What the exercise asks
Please read the records below and return each line holding the string "phone".
Segment Start: Listed records
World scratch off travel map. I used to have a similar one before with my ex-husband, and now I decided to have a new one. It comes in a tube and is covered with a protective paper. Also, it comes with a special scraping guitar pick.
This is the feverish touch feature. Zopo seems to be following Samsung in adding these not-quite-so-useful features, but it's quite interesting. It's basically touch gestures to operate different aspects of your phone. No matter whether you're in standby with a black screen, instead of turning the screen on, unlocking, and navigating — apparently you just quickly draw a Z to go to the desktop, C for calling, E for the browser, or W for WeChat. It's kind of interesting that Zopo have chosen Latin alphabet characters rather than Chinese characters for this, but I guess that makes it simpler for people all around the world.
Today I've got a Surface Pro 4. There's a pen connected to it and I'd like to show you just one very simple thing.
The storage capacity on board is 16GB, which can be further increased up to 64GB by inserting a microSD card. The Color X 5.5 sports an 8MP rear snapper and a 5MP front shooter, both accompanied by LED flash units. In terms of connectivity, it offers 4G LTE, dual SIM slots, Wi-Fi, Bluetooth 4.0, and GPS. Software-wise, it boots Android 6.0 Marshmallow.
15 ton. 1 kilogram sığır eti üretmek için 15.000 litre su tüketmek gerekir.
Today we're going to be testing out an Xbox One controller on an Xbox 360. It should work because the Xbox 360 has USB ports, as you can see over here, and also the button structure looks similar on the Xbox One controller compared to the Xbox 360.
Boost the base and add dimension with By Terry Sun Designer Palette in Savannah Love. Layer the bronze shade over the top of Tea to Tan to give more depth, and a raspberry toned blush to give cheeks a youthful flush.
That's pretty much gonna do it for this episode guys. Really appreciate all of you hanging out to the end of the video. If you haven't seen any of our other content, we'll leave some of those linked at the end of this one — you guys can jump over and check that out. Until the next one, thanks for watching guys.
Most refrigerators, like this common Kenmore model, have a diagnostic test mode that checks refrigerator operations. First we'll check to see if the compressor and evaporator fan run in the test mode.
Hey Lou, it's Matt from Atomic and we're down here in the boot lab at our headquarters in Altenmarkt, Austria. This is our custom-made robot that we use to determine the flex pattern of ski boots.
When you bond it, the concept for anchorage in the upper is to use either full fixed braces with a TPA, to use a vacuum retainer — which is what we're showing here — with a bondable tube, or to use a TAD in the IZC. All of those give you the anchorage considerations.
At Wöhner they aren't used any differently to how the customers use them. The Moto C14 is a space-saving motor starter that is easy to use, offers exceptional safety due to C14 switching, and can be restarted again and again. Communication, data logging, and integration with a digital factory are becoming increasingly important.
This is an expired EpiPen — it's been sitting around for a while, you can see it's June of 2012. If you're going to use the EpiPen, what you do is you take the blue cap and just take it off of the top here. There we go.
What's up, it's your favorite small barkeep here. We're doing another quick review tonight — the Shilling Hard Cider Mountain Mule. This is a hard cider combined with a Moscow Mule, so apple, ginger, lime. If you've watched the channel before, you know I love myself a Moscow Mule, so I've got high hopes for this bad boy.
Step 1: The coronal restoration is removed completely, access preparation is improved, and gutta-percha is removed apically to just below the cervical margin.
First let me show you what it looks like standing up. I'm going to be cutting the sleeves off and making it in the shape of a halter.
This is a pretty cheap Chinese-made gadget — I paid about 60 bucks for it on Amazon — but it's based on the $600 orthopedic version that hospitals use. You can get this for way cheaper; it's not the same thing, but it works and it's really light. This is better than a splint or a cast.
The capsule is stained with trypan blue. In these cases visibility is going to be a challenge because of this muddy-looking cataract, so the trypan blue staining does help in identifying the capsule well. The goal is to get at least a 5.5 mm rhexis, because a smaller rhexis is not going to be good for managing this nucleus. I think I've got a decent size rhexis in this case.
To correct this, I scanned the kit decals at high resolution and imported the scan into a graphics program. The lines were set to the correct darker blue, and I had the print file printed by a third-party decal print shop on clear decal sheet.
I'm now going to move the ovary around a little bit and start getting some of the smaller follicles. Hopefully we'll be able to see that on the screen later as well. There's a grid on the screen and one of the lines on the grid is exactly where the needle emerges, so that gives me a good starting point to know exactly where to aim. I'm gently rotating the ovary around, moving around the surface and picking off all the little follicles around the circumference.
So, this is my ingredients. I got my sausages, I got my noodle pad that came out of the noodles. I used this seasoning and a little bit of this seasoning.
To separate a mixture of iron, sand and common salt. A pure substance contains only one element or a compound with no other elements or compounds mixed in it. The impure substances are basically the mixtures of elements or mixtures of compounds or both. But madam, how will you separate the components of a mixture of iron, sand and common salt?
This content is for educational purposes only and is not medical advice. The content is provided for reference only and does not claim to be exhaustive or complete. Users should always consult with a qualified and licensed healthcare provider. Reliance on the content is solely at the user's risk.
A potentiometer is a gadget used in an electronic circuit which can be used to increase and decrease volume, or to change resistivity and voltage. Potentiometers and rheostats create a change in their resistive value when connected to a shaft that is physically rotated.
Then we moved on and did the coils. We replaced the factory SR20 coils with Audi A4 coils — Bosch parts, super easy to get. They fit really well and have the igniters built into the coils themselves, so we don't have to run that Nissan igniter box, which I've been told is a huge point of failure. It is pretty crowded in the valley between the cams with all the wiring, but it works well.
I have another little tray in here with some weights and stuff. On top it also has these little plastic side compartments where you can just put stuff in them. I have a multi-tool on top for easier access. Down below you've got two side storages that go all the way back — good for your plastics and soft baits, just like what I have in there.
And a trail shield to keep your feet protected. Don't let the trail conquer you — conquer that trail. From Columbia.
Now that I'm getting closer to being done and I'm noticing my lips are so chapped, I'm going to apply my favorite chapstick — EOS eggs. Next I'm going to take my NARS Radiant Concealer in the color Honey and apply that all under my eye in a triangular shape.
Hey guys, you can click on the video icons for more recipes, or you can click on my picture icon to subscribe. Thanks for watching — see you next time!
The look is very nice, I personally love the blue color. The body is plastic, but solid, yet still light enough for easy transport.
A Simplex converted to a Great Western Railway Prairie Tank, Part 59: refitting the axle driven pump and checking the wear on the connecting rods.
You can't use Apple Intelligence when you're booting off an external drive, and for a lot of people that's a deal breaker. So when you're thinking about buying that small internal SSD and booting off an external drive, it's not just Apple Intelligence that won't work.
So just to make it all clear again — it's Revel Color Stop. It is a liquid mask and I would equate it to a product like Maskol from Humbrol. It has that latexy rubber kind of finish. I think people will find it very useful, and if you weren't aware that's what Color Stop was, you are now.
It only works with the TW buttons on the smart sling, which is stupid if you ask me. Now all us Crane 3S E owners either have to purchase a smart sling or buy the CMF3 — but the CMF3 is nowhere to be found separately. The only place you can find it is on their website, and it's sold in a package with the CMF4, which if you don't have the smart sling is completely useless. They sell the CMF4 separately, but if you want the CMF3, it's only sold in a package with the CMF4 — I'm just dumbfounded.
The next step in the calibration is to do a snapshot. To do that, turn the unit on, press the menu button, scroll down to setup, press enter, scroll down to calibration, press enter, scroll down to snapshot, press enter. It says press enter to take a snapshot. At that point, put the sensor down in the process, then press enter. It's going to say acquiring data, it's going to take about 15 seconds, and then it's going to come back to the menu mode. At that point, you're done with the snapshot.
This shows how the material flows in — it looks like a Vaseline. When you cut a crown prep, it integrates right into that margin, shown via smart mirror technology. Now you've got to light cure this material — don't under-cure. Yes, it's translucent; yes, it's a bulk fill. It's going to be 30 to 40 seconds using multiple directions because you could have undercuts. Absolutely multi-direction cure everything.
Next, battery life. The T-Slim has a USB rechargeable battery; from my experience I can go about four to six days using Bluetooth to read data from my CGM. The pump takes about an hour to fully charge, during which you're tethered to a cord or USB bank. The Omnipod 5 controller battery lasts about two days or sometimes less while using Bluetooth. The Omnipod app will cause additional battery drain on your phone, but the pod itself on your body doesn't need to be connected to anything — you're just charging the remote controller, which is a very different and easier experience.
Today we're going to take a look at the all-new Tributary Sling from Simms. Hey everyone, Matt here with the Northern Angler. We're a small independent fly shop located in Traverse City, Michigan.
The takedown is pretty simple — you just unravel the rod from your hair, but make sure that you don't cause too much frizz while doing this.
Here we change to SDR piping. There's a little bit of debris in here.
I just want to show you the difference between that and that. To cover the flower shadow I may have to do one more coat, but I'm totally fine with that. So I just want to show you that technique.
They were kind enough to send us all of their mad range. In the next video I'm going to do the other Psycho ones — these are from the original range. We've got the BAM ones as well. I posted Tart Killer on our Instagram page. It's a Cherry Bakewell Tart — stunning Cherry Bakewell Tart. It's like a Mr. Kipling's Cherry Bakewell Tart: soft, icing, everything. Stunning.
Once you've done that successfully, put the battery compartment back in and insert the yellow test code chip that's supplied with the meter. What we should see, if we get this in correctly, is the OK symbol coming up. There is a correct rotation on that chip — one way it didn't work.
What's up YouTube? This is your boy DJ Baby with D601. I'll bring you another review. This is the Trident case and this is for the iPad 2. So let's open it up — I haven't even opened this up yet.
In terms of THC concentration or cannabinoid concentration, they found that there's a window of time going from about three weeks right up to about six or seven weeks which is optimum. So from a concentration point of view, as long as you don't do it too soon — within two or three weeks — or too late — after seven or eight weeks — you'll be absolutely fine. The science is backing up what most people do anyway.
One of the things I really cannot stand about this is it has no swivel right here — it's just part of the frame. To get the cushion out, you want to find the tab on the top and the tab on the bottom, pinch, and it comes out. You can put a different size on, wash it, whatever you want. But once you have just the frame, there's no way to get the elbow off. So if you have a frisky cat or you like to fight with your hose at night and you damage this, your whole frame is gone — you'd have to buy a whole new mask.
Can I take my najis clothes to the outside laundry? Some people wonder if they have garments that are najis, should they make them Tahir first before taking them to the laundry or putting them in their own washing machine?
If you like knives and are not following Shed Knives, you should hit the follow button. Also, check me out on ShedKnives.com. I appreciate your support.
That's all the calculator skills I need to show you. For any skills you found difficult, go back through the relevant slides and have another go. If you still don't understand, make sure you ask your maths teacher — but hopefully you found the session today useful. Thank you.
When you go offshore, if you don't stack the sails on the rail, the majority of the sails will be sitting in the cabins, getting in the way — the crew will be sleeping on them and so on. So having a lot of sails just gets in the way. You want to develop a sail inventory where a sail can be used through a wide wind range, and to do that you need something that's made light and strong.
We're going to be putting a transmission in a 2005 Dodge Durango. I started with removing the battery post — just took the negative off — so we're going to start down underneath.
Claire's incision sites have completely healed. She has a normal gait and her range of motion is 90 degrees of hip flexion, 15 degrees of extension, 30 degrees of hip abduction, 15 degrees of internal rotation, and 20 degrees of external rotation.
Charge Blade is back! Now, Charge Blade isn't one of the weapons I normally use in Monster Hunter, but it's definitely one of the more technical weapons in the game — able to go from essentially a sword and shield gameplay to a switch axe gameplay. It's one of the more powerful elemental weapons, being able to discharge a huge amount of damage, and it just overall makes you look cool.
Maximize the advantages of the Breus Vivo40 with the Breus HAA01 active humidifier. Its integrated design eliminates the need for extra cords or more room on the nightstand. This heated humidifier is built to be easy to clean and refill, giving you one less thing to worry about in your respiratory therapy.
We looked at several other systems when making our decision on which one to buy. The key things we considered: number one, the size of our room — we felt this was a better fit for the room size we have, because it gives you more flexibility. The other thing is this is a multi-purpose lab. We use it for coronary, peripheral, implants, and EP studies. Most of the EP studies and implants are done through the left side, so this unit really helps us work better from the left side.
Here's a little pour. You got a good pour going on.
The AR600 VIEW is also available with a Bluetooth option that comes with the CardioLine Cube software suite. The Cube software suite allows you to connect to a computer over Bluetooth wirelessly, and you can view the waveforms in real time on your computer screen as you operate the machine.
Segment End: Listed records
Your response
This is the feverish touch feature. Zopo seems to be following Samsung in adding these not-quite-so-useful features, but it's quite interesting. It's basically touch gestures to operate different aspects of your phone. No matter whether you're in standby with a black screen, instead of turning the screen on, unlocking, and navigating — apparently you just quickly draw a Z to go to the desktop, C for calling, E for the browser, or W for WeChat. It's kind of interesting that Zopo have chosen Latin alphabet characters rather than Chinese characters for this, but I guess that makes it simpler for people all around the world.
Next, battery life. The T-Slim has a USB rechargeable battery; from my experience I can go about four to six days using Bluetooth to read data from my CGM. The pump takes about an hour to fully charge, during which you're tethered to a cord or USB bank. The Omnipod 5 controller battery lasts about two days or sometimes less while using Bluetooth. The Omnipod app will cause additional battery drain on your phone, but the pod itself on your body doesn't need to be connected to anything — you're just charging the remote controller, which is a very different and easier experience.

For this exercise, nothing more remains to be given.